Nurse Educator: Medical professionals who can help you learn the daily aspects of diabetes self-care.
Nutritionist: A person with training in nutrition. A nutritionist usually has specialized training and qualifications.
Ophthalmologist: A medical doctor who diagnoses and treats all eye diseases and eye disorders.
Pancreas: An organ in the body that produces a few different hormones including insulin, which enables the body to use sugar for energy.
Pharmacist: Trained professionals who know about the chemistry of medicines you take for your diabetes and other conditions.

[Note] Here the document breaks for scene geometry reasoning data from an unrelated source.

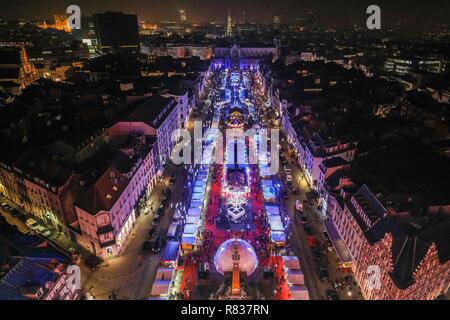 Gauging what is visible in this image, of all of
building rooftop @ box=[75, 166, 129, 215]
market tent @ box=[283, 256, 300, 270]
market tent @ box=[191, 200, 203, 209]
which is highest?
building rooftop @ box=[75, 166, 129, 215]

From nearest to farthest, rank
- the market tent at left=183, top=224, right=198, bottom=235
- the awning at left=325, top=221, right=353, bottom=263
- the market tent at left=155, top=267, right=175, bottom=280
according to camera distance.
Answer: the market tent at left=155, top=267, right=175, bottom=280, the awning at left=325, top=221, right=353, bottom=263, the market tent at left=183, top=224, right=198, bottom=235

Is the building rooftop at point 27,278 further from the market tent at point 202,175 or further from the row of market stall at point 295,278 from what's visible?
the market tent at point 202,175

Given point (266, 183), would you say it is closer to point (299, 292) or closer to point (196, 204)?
point (196, 204)

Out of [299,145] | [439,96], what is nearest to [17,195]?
[299,145]

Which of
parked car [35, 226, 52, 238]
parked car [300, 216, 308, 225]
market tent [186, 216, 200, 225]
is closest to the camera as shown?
parked car [35, 226, 52, 238]

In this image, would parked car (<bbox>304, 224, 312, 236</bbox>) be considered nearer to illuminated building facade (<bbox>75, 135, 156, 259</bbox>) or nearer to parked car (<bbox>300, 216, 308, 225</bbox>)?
parked car (<bbox>300, 216, 308, 225</bbox>)

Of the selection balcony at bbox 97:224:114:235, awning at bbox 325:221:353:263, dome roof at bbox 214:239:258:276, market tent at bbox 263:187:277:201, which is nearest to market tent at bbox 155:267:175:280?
dome roof at bbox 214:239:258:276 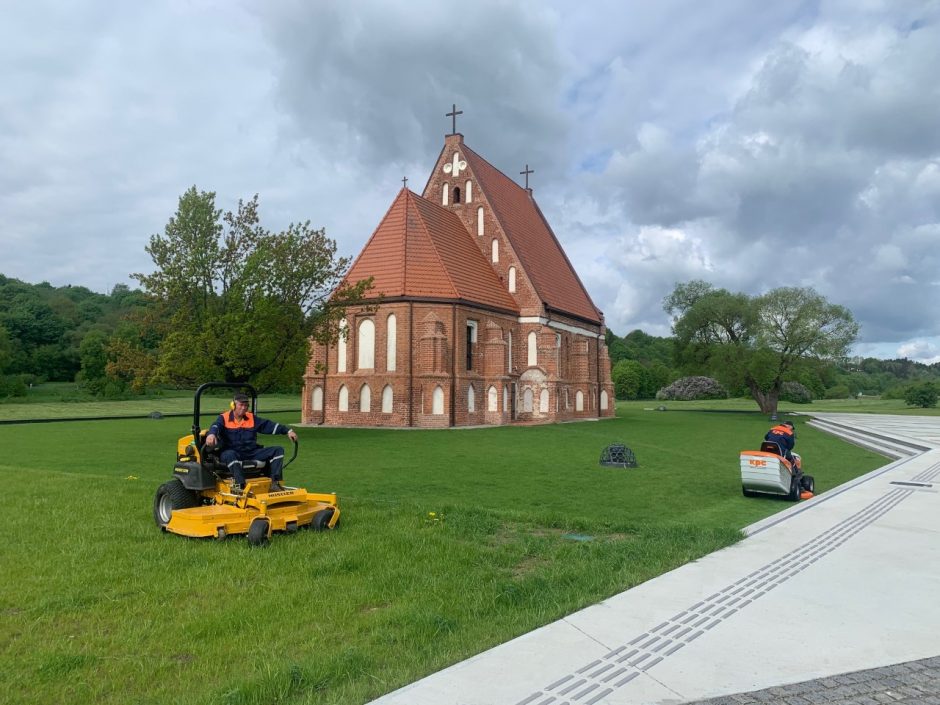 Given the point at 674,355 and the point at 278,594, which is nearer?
the point at 278,594

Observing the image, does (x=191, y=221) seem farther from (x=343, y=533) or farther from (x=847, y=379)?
(x=847, y=379)

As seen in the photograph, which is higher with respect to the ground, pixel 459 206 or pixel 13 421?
pixel 459 206

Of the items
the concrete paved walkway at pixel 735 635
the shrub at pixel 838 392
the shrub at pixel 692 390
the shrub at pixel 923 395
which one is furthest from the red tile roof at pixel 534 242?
the shrub at pixel 838 392

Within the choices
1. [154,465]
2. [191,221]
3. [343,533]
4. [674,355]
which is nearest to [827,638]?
[343,533]

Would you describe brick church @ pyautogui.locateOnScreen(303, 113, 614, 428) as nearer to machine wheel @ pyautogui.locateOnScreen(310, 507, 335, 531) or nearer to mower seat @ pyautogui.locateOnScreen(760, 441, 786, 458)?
mower seat @ pyautogui.locateOnScreen(760, 441, 786, 458)

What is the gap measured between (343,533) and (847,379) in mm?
111798

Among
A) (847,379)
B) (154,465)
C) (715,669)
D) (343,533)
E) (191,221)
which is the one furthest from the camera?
(847,379)

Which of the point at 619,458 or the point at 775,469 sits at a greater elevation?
the point at 775,469

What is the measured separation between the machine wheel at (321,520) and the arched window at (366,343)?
69.3ft

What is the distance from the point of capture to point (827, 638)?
13.0 ft

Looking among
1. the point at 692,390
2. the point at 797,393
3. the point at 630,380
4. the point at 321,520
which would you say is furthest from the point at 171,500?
the point at 630,380

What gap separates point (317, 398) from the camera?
28938 mm

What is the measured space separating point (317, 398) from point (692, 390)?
65604mm

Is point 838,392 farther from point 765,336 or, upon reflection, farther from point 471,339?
point 471,339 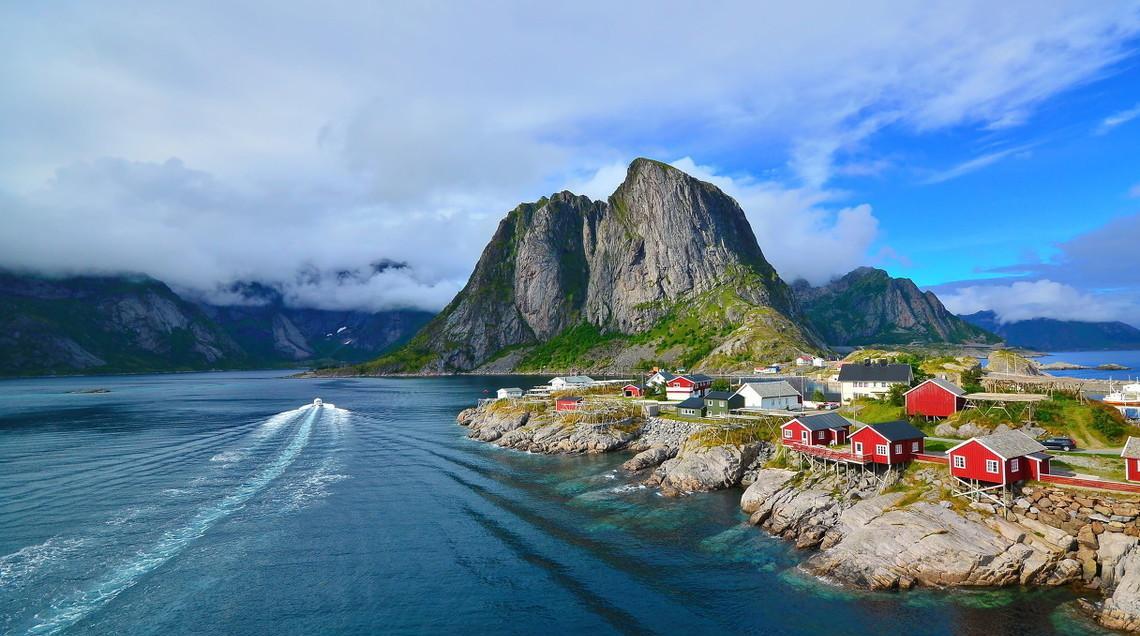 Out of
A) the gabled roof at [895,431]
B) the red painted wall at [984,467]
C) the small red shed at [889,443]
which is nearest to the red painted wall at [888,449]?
the small red shed at [889,443]

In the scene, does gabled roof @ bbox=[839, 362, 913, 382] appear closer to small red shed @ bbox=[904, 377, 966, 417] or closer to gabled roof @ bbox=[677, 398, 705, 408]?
small red shed @ bbox=[904, 377, 966, 417]

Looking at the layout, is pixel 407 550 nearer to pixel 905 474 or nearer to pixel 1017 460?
pixel 905 474

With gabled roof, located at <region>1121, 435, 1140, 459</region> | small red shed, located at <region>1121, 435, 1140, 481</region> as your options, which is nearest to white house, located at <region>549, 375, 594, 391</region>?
gabled roof, located at <region>1121, 435, 1140, 459</region>

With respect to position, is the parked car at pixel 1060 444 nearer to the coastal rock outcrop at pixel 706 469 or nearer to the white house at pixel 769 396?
the coastal rock outcrop at pixel 706 469

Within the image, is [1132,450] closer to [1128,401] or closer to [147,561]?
[1128,401]

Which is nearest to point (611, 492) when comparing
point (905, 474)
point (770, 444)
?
point (770, 444)

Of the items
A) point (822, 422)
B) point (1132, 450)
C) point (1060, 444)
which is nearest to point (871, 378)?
point (822, 422) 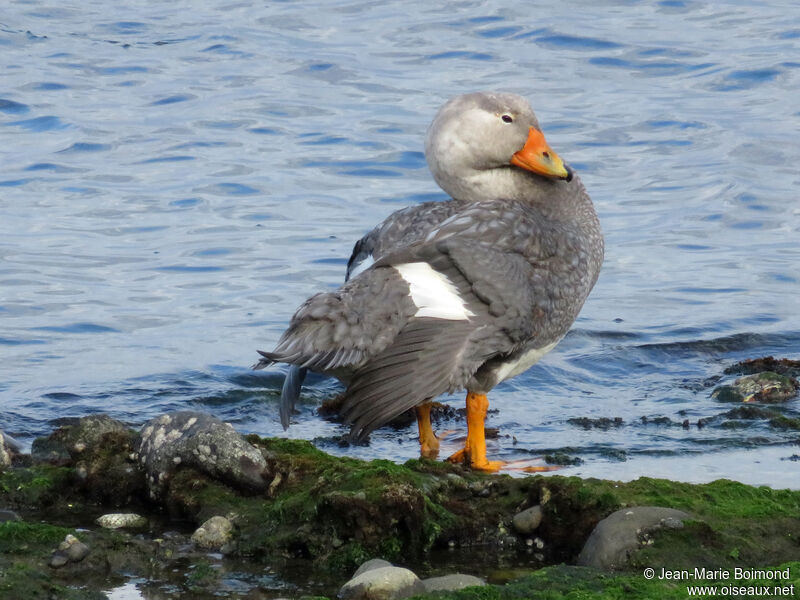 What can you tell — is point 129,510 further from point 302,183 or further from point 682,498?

Premix insulin: Insulin taken by injection as part of a diabetes care plan that combines the long-acting effects of basal and the fast-acting effects of bolus insulin.
Primary Care Provider: This may be your primary care or family practice doctor who you see for general checkups and when you get sick.
Podiatrist: A doctor who specializes in the feet. Podiatrists also provide regular foot examinations and treatment.
Postprandial plasma glucose (PPG): Your after-meal blood sugar number, tested about 1 to 2 hours after you eat. This measures the blood sugar spikes that happen after you eat.
Type 1 diabetes: A condition characterized by high blood sugar levels caused by a lack of insulin. It occurs when the body’s immune system attacks the insulin-producing beta cells in the pancreas and destroys them. The pancreas then produces little or no insulin and therefore blood sugar cannot enter the cells to be used for energy. Type 1 diabetes develops most often in young people but can appear in adults.
Type 2 diabetes: A condition characterized by high blood sugar levels caused by either a lack of or not enough insulin, or the body’s inability to use insulin efficiently. Type 2 diabetes develops most often in middle-aged and older adults, but is being seen more and more in young adults too.